Saturday, 1 May 2010

Cover nomenclature

I often talk in my posts about "original" green covers, and "italic" green covers, and thought that it was time to draw up a little schema of the different types of green covers, and give them a standard name to make my blog a little more scientific!

1. The original green cover. This is characterised by the characteristic green top 1/3 of the cover, with title and author in a distinctive white font, separated by white lines under a lime green "Virago Modern Classics" heading. No green apple on the front, just on the spine. This is the holy grail of Virago Modern Classics of which every VMC collector seeks out! Whilst it would be lovely to own a complete set of original green covers, not all of the VMCs by any means were published in this style.

There is a slight variant on this cover, with a different style of font:
2. The italic green cover. The cover is characterised by a green background to the top 1/3 of the cover upon which the title, author, and Virago modern classics is written in white, italic writing.
3. The modern green cover. This is characterised by a small green stripe down the left hand side of the cover with a red apple in the top left hand corner.

4. Classics covers. I noticed that the Jane Austen and Bronte Virago Modern Classics (and possibly others too that I have not yet come across) have this distinctive design. This is characterised by a green border all the way around, with white decoration and type.

5. Dial Press Covers. Although not part of the green covers, readers should be aware that many Virago books were published in America by the Dial Press, and often have the same picture as the original green edition, but with a black background.
6. Penguin editions. It's worth mentioning that Penguin published a number of the Virago modern classics in Australia and the US - they are original green editions, but have a Penguin emblem on the spine and cover in place of the apple. This was discussed earlier on my blog here and has also been discussed on

7. And then obviously there are the huge array of modern editions. I like the way that these are so completely different, although Virago use similar styles for each author. The Daphne Du Maurier covers and Antonia White ones are especial favourites, and the new Barbara Pym and Muriel Sparks are extremely jolly and colourful.

8. Finally there are the 30th Anniversary Hardbacks, issued in 2008 to celebrate 30 years of Virago, such as Valley of the dolls by Susann. I covet the complete set of these, and own four.

Have I missed anything?


  1. I really like the Dial Press cover, but then I love the image for Frost In May. The best thing about Virago covers is the paintings that they choose for each book.

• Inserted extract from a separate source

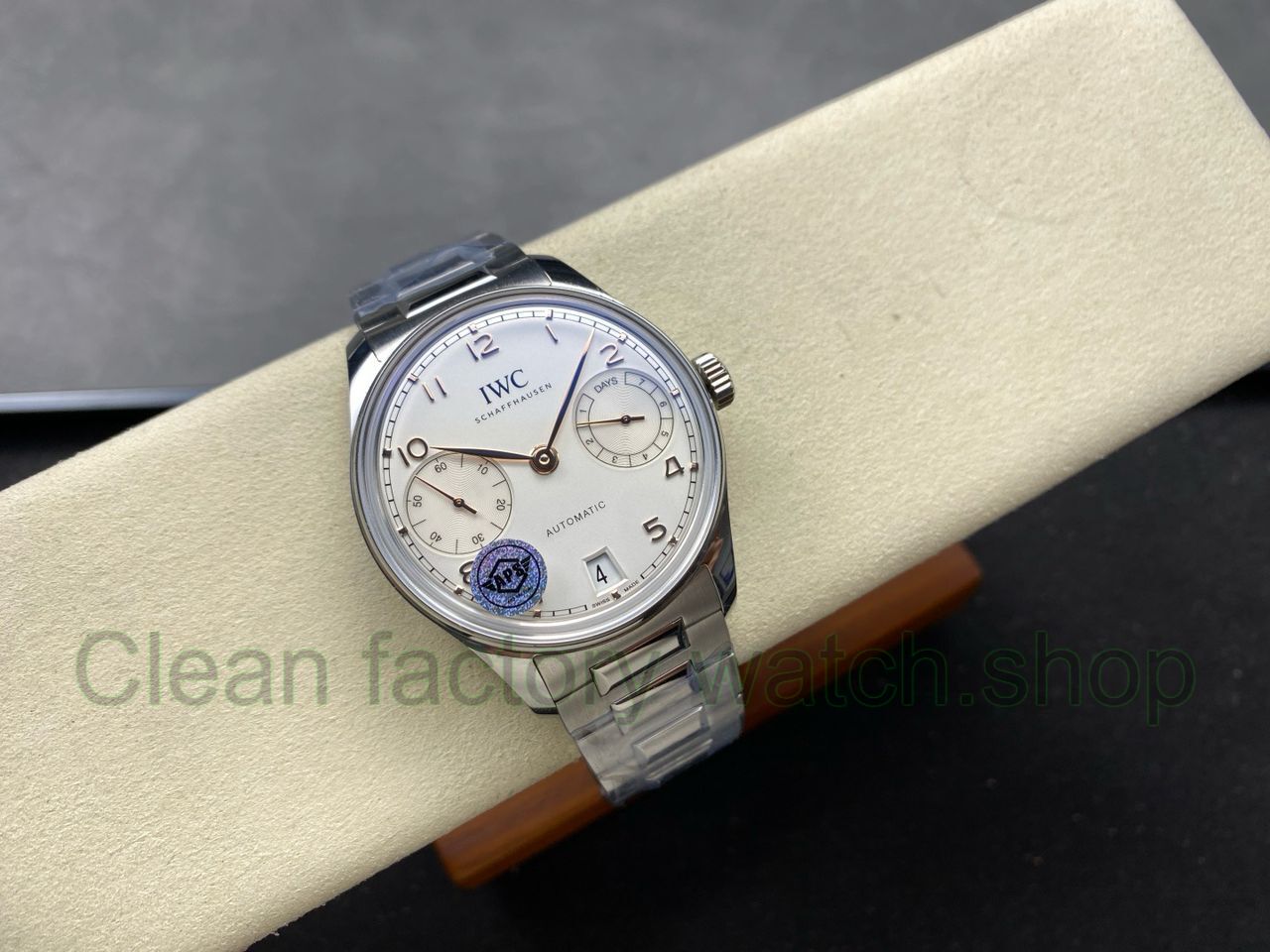 APS Factory IWC Portuguese IW500704 42mm Full Steel Silver Dial (2) APS Factory IWC Portuguese IW500704 42mm Full Steel Silver Dial (2)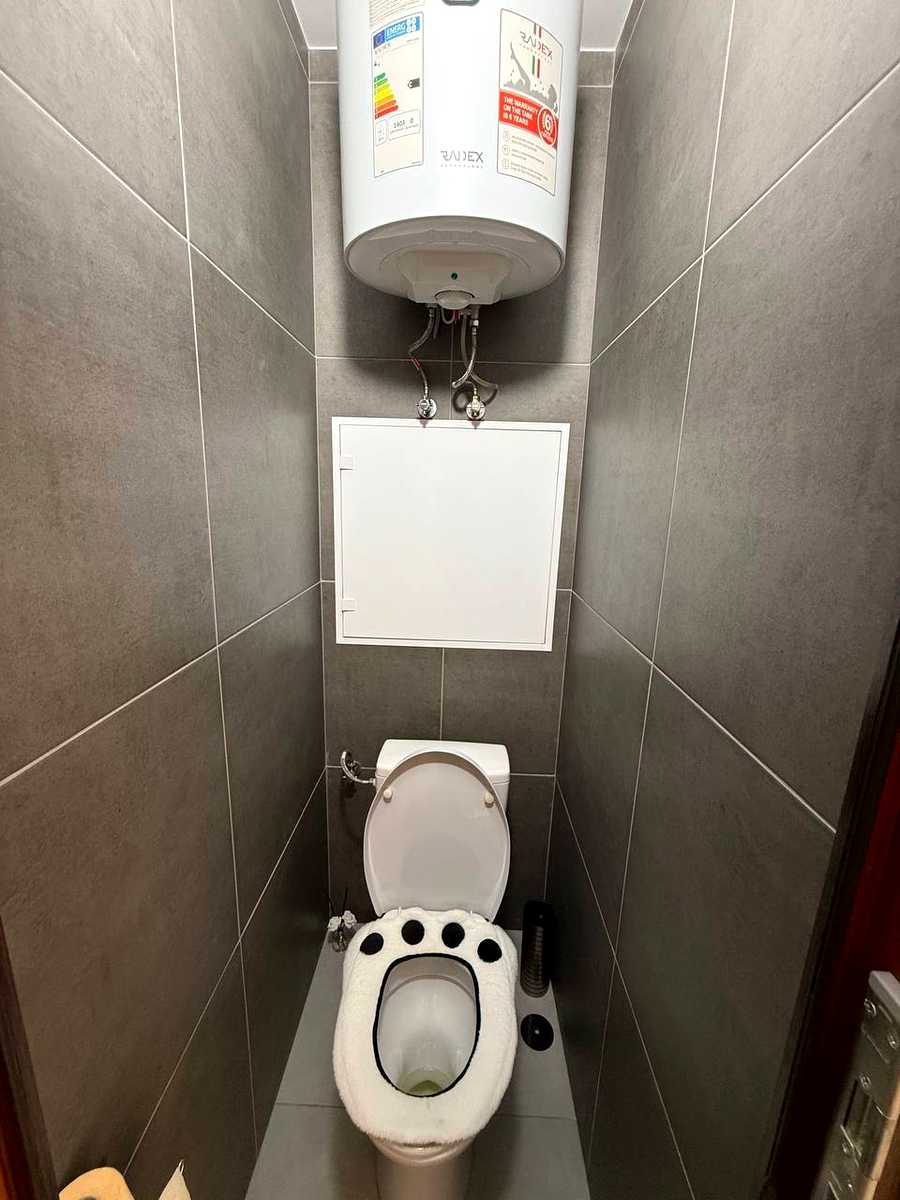 1873529654945608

    The original editions are beautiful face-out on a shelf and look lovely and satisfying when they're a run of green be-appled spines!

  2. I'm currently trying to decide if I should keep my Virago's arranged alphabeticaly or by cover design. Once upon a time I went out on a saturday night. Hmmm

  3. I like the modern Virago covers which as you say, could be any pastel colour with a little red apple on the spine. I've got two of the 30th anniversary hardbacks, E M Delafield and the Helene Hanff. They are truly beautiful colours.

  4. This is the most helpful Virago post! I've often wondered about the difference cover variations. I'll probably keep mine arranged by cover, and then alphabetical in each group.

  5. Tealady - you're right about the original editions looing lovely as a run of spines - very easy to spot in a second hand shop too!

    Hayley - I would love to keep all my Viragos together but I keep all of my fiction alphabetically or I'd never find anything! Lol. I don't really have Saturday nights either.

    Vintage - I think the hardbacks are very beautiful - I will have to get the rest soon.

    Amanda - I can see the appeal of arrangement by cover!